The suspect was identified as 20-year-old Dmitriy Andreychenk, according to jail records

Five days after 22 people were killed at a Walmart store in El Paso, Texas, panicked shoppers fled a Walmart in Springfield, Missouri, after a man carrying a rifle and wearing body armor walked around the store before being stopped by an off-duty firefighter.

No shots were fired and the man was arrested after surrendering Thursday, Springfield police said. No one was injured.

The suspect was later identified as 20-year-old Dmitriy Andreychenk, according to Green County Sheriff's Office jail records. 

The Springfield News-Leader quoted Lt. Mike Lucas as saying that the man arrived Thursday afternoon wearing body armor and military-style clothing. He walked inside the Walmart carrying a "tactical rifle" and another gun. Lucas said the man had more than 100 rounds of ammunition.

Lucas said an off-duty firefighter held the suspect — a 20-year-old man who was not immediately identified — at gunpoint until police arrived about three minutes after receiving an initial call. He was said to have been stopped by the armed firefighter after leaving through an emergency exit, according to NBC News.

"Thankfully, there weren't any shots fired. I think it's great that that off-duty fire man was here," Lucas said.
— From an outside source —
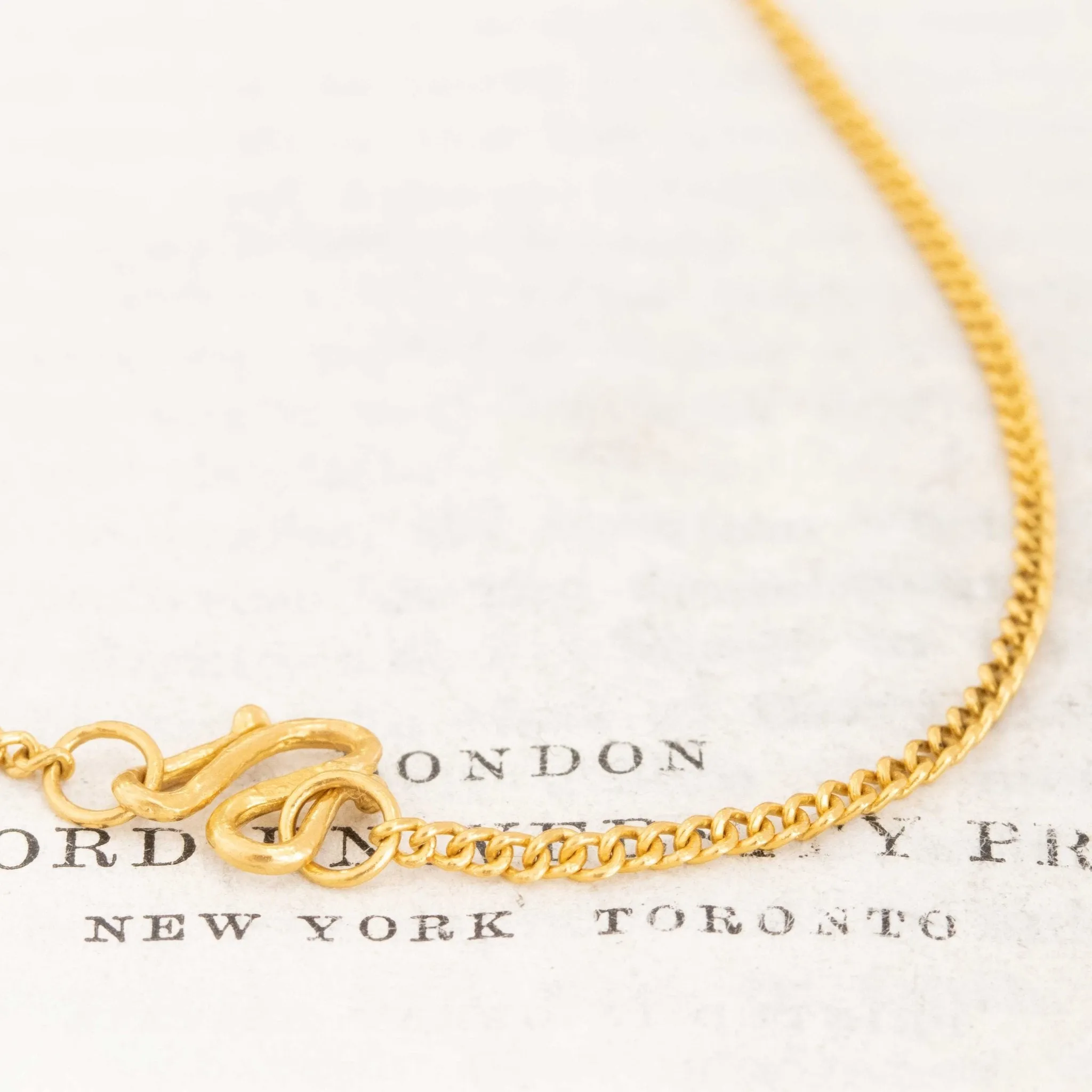 Vintage High Karat Curb Link Chain, 22kt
A Walmart spokesperson told NBC that the customer's behavior was concerning, so law enforcement was called "out of caution."

"They quickly arrived, managed the situation without further incident and no one was injured," the statement said.

Lucas said the suspect would be charged but the exact crimes would be determined later. Security video from inside the store would be reviewed to determine the man's demeanor and a possible motive, he said.

"His intent obviously was to cause chaos here, and he did that," Lucas added.

The potential charges against the man will depend on his actions while he was in the store, said Dee Wampler, a longtime Springfield defense attorney and former Greene County prosecutor.

Carrying an assault rifle in public is not necessarily a crime, Wampler told The News-Leader.

"If he was looking at people in a menacing way or if he was saying something to other customers that was frightening to them — those would be factors" and could result in felony charges, Wampler said.

He also could be charged with a misdemeanor peace disturbance, or a different misdemeanor if he was told to leave the store and didn't, Wampler said.

Springfield is about 165 miles (266 kilometers) south of Kansas City.